After Hurricane Katrina, Signal International lost a lot of its workforce. To fill in the newly missing spots, it had a recruiter to import workers from India: workers who were told they'd come to America for a great job and be given permanent residency for themselves and their families—in exchange for a $20,000 recruitment fee to cover travel costs, visa, etc.

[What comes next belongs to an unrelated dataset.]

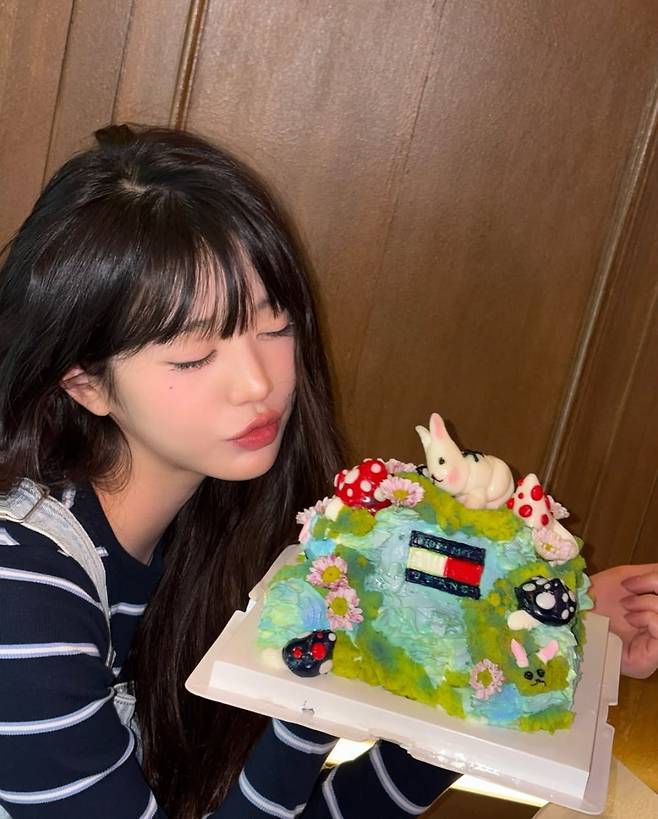 사진 = 장원영 인스타그램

That was how about 500 workers made their way (though the amount of the fee varied) to the U.S. to work for Signal, a company that had a contract with BP to "decontaminate numerous tank barge vessels utilized in the Offshore drill rig Horizon oil spill," in addition to being a subcontractor for global defense company Northrop Grumman Corp. When the workers arrived however, they received temporary guestworker visas instead and were forced to live in fenced labor camps: in trailers with up to 24 men each (and two toilets), for which they had to pay $1,050 in rent.A coalition of human rights groups is now suing Signal International on behalf of these Indian guestworkers for human trafficking and racketeering

"These workers only wanted the American dream but instead were bound to an abusive employer and forced to endure horrific conditions," said Daniel Werner, Deputy Legal Director for the Southern Poverty Law Center, one of the organizations filing the suit.

The original suit included seven individuals, but the groups filing now seek to include the approximately 500 former guestworkers who endured similar conditions—if the judge approves the request, it could become the largest human trafficking case in U.S. history.

Murugan Kandhasamy, a class representative in the lawsuit, said: "I speak on behalf of hundreds of Indian guestworkers subjected to abuse by Signal and its co-conspirators. We came to America for good jobs and opportunity, which we were denied, and now we are asking for justice."

"After being treated as disposable workers, these Indian guestworkers are entitled to seek justice for their wholesale mistreatment. They toiled under a climate of fear and coercion and deserve their day in court," said Ivy Suriyopas, staff attorney the Asian American Legal Defense and Education Fund.